[Saved data entries]
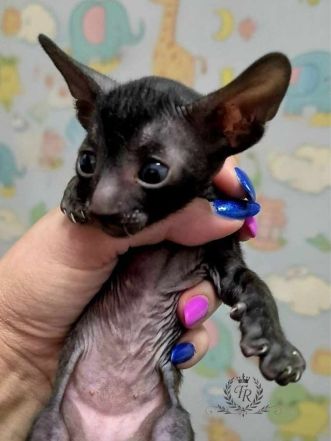Fancy Rex William, male, D.B.-13.5.2026 - 7,000 ש"ח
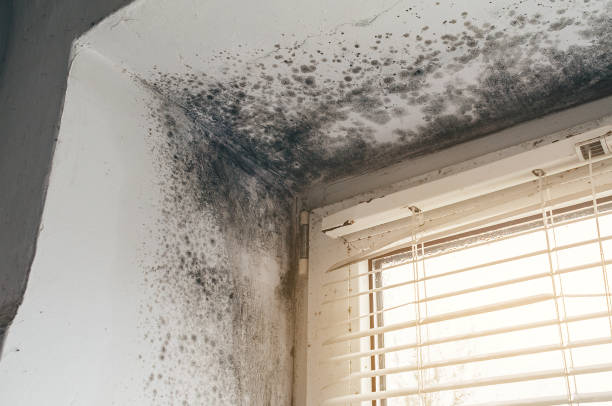 Affordable Basement Mold Removal solutions in Warrington, PA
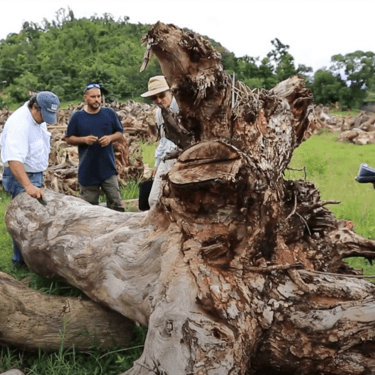 PR Damaged Tree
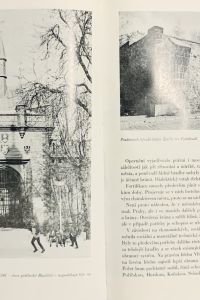 B0065909 6748 4986 A128 B6F00C687F61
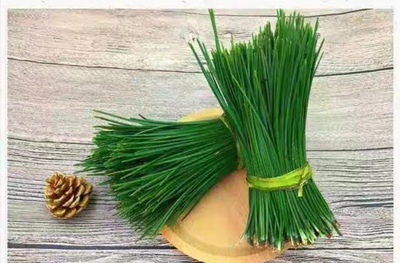 Microgreens 新鲜特色装饰叶材 马尾松50g100g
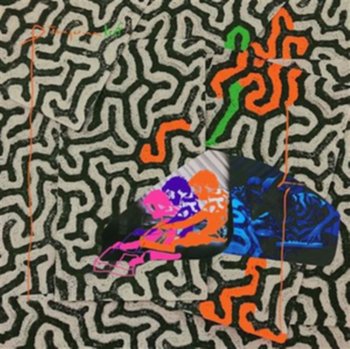 Tangerine Reef, płyta winylowa - Animal Collective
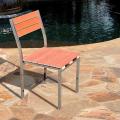Casimir Stainless Steel Frame Armless Dining Chairs (Set of 2)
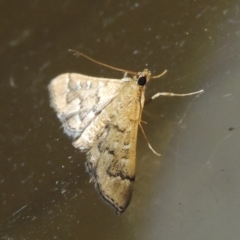 Nacoleia rhoeoalis at Conder, ACT - 10 Nov 2017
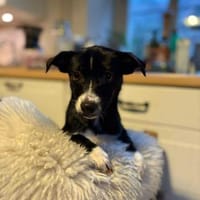 Pheo schwarzer Welpe mit weißer Seele, Hund zur Adoption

Instructions to follow
Please ensure that the data above is repeated exactly, with no pictures in the copy.

Task result
Fancy Rex William, male, D.B.-13.5.2026 - 7,000 ש"ח
 Affordable Basement Mold Removal solutions in Warrington, PA
 PR Damaged Tree
 B0065909 6748 4986 A128 B6F00C687F61
 Microgreens 新鲜特色装饰叶材 马尾松50g100g
 Tangerine Reef, płyta winylowa - Animal Collective
Casimir Stainless Steel Frame Armless Dining Chairs (Set of 2)
 Nacoleia rhoeoalis at Conder, ACT - 10 Nov 2017
 Pheo schwarzer Welpe mit weißer Seele, Hund zur Adoption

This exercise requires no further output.